“那太没意思了,怎么也得把他耍够了,落落他的嚣张气焰才行!”说完,似乎怒气也消了一些,恢复了那副慵懒的模样,“再说了,我守在这鬼地方二十年了,天天就对着你和云海这两个‘吃白食’,还有那个破烂旱莲,人都要发霉了。好不容易来个好玩的,还不好好耍耍,哈哈哈……”
说完,乜氏打了个哈欠,吩咐道:“石林,我困了,要睡会儿。别再让这样的事来打扰我,听到没!另外,告诉云海,他的火莲茉莉茶不错,没事就多备着点啊。”说吧,伸着懒腰入了后堂。
石林微笑着目送乜氏离去,而后转身冲着刚进门的云海说道:“居主吩咐你多备点火莲茉莉茶,听到啦?我就说你,瞎折腾什么,看,辛苦是自找的!走吧。”说罢,招呼云海一同离去……

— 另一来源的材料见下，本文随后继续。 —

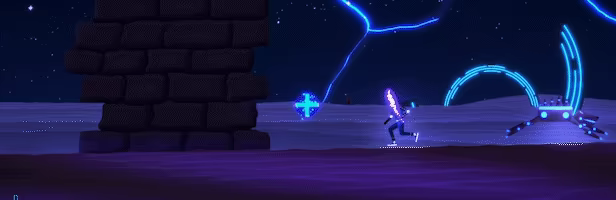 Dreeg video 3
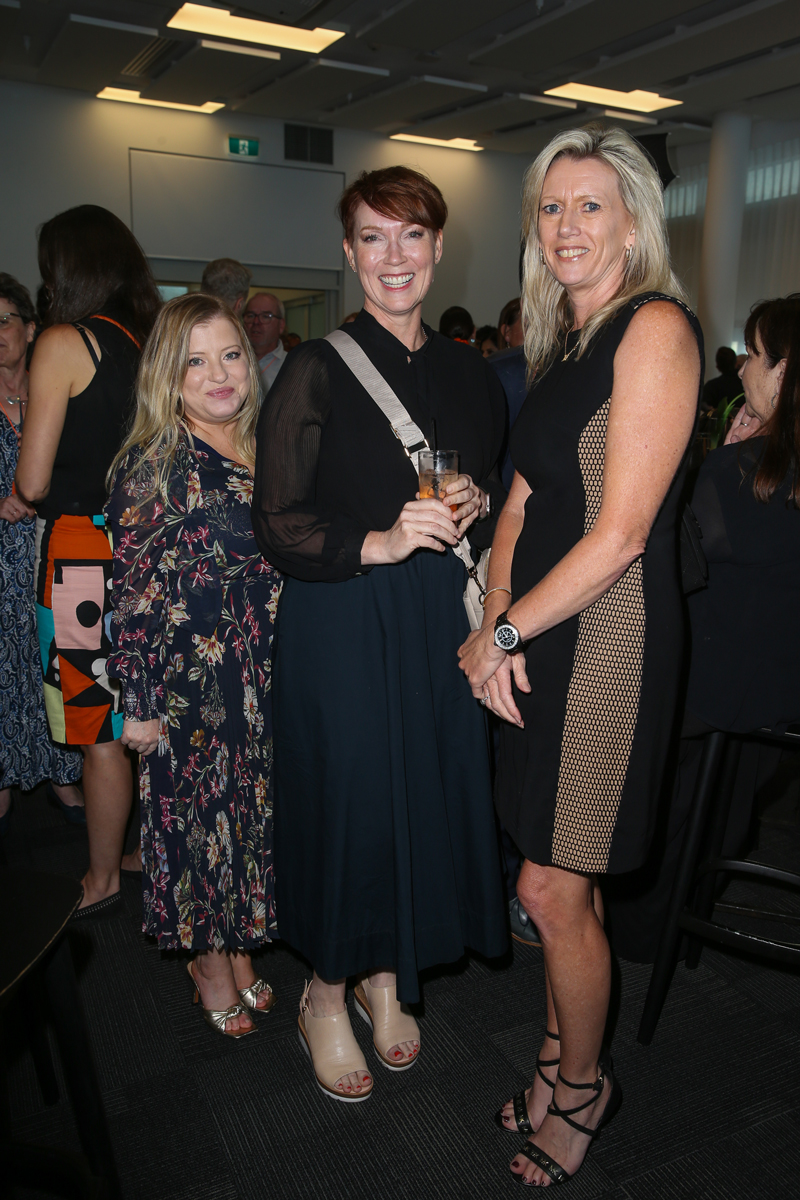 Brightly-Brand-Launch-Event-Photos-A76Q9854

滕文渊将林夕安置在农家,接着马不停蹄地走访了村子。村子说大不大,说小也不小,前后大约三里长,有百户人家。村民对外人并没有太多的戒心,然而闻得滕文渊要打听贼一事,却极是忌讳,摇头撒手说不知道。滕文渊直走到日落西山,也没有问到一点有用的线索。唯一的收获是,他基本了解了村落的布局与地形。在村子的尽头、上伴云居的山道旁,立着一个瞭望塔。他问过村民,那是在恶劣天气的情况下,村民监测黄河动向,对洪涝提前报警的地方。滕文渊登上塔顶,果然,在上面能够将黄河的潮起潮落看得清清楚楚,同时,整条村落也尽收眼底。这里应该是晚上值守最合适的地方了。

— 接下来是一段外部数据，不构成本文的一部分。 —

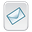 message.png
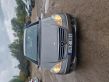 A W169 A-class  6401530479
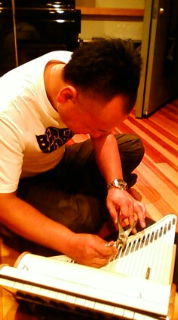 f0014209_0682.jpg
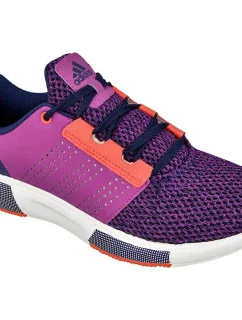 Dámska bežecká obuv Madoru 2 W AQ6530 - Adidas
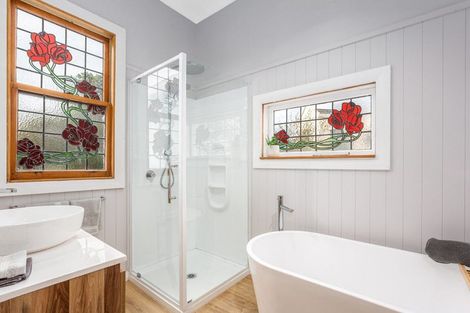 Photo of property in 246a The Terrace, Wellington Central, Wellington, 6011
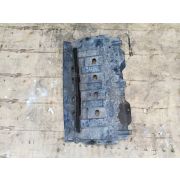 Защита двигателя Suzuki ESCUDO TD94W H27A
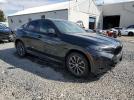 BMW X Series Xdrive40i Image 4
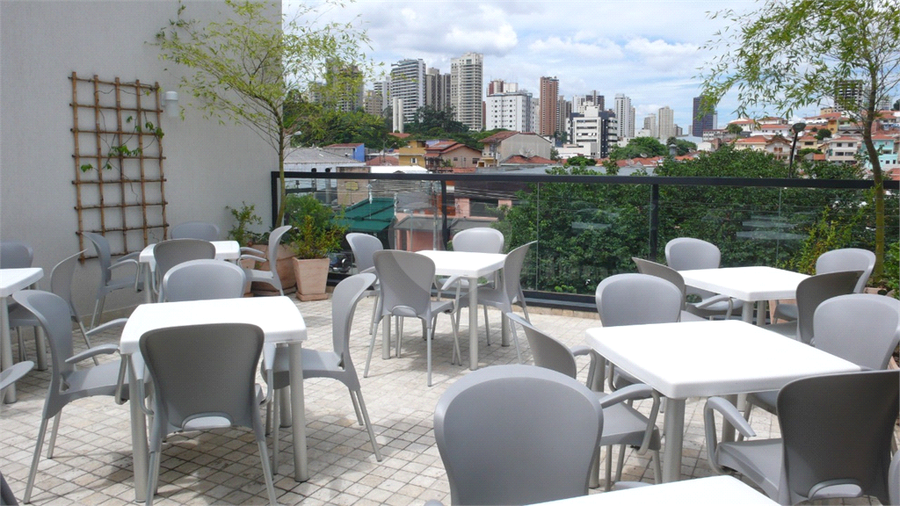 Aluguel Prédio inteiro São Paulo Imirim REO404997 26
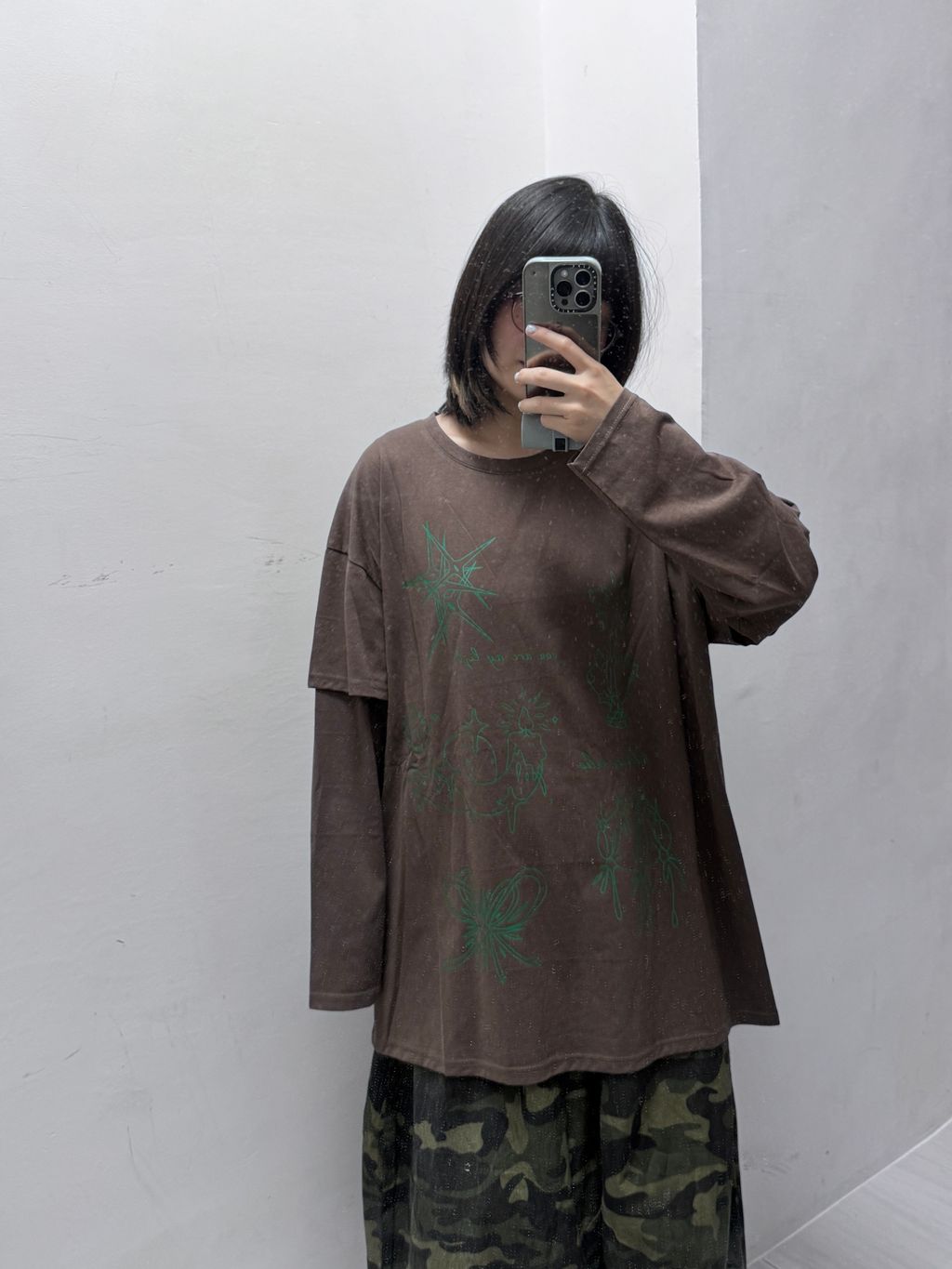 image_FEAD432D-9C04-4779-87F2-AC8200DE0F30_1759025903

天色渐晚,滕文渊亲自给林夕喂过粥水,又对照顾林夕的农妇仔细地叮嘱了几句,而后换上了一身黑色劲装,执起佩剑,出了门。他来到瞭望塔,几下轻纵,跃上了塔顶,盘腿坐下,将佩剑放在膝上,目不转睛地注视着村落里的动静。
时间一点点地过去,渐渐的,村里的灯火一盏一盏地熄灭了,最后,唯余天上的一轮明月,洒下柔和的月光。三里外的黄河依旧咆哮不止,夜风夹带着苦涩的腥气,吹拂在他的脸上、身上,吹得剑上的流苏飘舞了起来。
夜——除了浪声、风声,还有偶尔的狗吠声,整个村落都陷入了平静的甜梦中。久久的,久久的,没有一丝动静。滕文渊仰头望着天上的明月,思绪有点儿恍惚。在那明月当中赫然出现了林夕俏皮的脸。
“喂,笨蛋!”
“喂,笨蛋!”
“喂,笨蛋……”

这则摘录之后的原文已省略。